AESH : un statut et une formation à repenser
La deuxième mesure choisie concerne le statut des AESH. Plus de 65 % des personnels interrogés estiment qu’il est nécessaire de créer un véritable statut pour les AESH, ainsi que de les former adéquatement. Le problème de la stabilité des AESH est également soulevé : durant l’été, de nombreux contrats sont annulés ou non-renouvelés, ce qui contribue à un turnover important. Les enseignants réclament également un recrutement massif de personnels spécialisés, notamment pour renforcer les RASED et les ULIS, afin de répondre à la demande croissante d’accompagnement des élèves en situation de handicap. Plus de la moitié des répondants (53,5 %) souhaitent réduire les effectifs pour améliorer l’accueil des élèves. « Il faut profiter de la baisse démographique », rappelle Guislaine David, secrétaire générale du SNUipp, soulignant que la réduction des effectifs est « une nécessité pédagogique et humaine ».
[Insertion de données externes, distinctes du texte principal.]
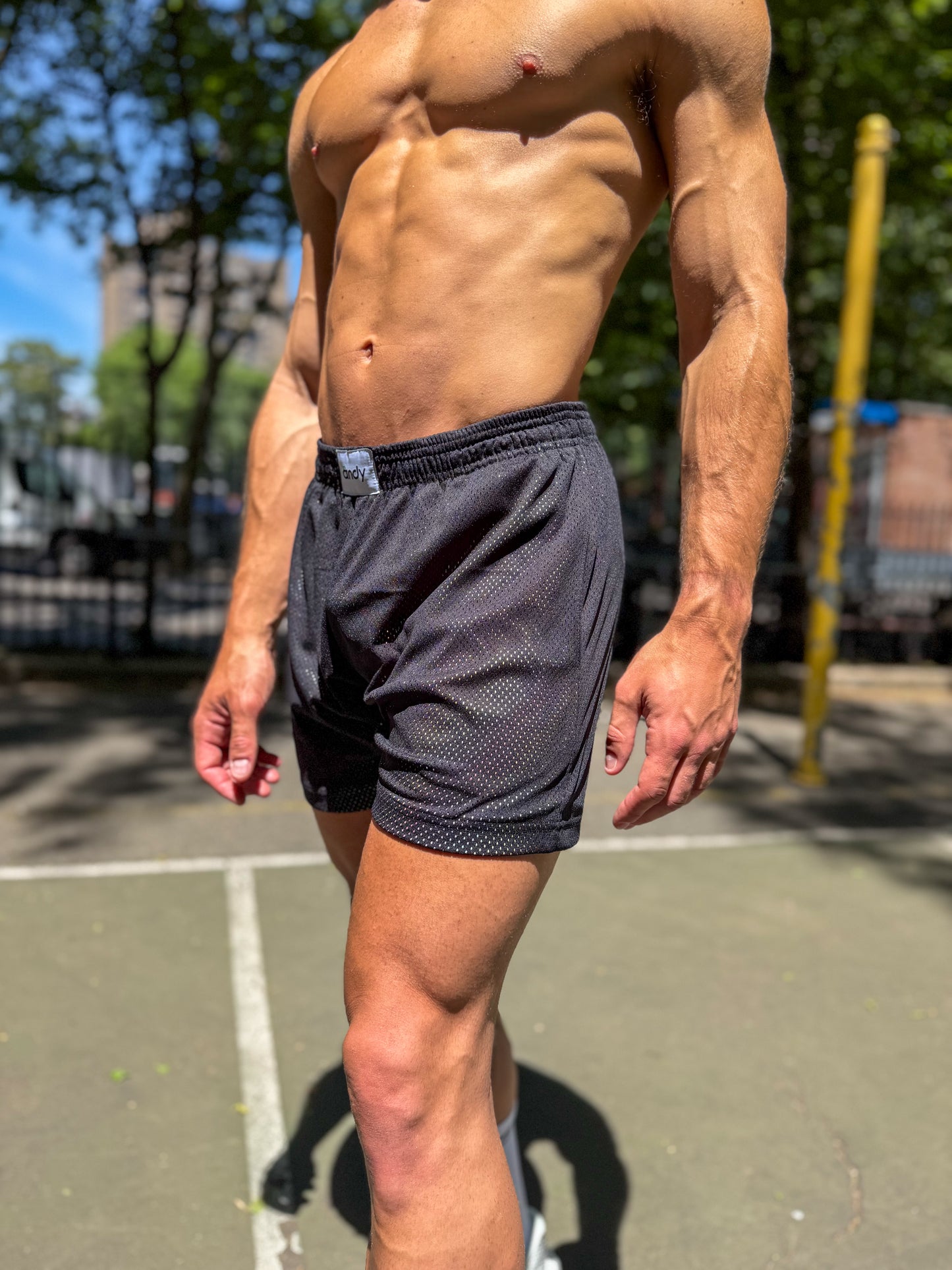 Mirage Mesh Shorts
L’impuissance du gouvernement face à la situation
Le syndicat pointe l’incapacité du gouvernement à faire face à la réalité du terrain, malgré les promesses. La situation des élèves en situation de handicap et des élèves à besoins particuliers est particulièrement alarmante. Guislaine David déplore également une gestion désorganisée des effectifs, ainsi que l’empilement d’acronymes et de dispositifs (PIAL, PAS) qui, loin d’améliorer la situation, contribuent à dégrader les conditions d’enseignement. Le manque de formation, la précarité des AESH et le remplacement insuffisant sont des problèmes récurrents.
Un besoin d’ambition nouvelle
Le SNUipp appelle à une « prise de conscience politique », soulignant que tout le monde s’accorde sur le constat : « la situation est intenable ». Les enseignants et l’administration doivent faire évoluer leurs pratiques, leurs attitudes et la culture scolaire. L’inclusion bouleverse la culture enseignante : travailler ensemble dans une classe, avec des AESH et divers personnels spécialisés, demande une réorganisation profonde de l’école, notamment par le biais de formations adaptées.
L’avenir de l’Ecole inclusive est celle de l’Ecole tout court, une école qui ne peut et ne doit être qu’inclusive, plus fraternelle, égalitaire et solidaire à tous les étages, des salles de classes aux salles de professeur.es.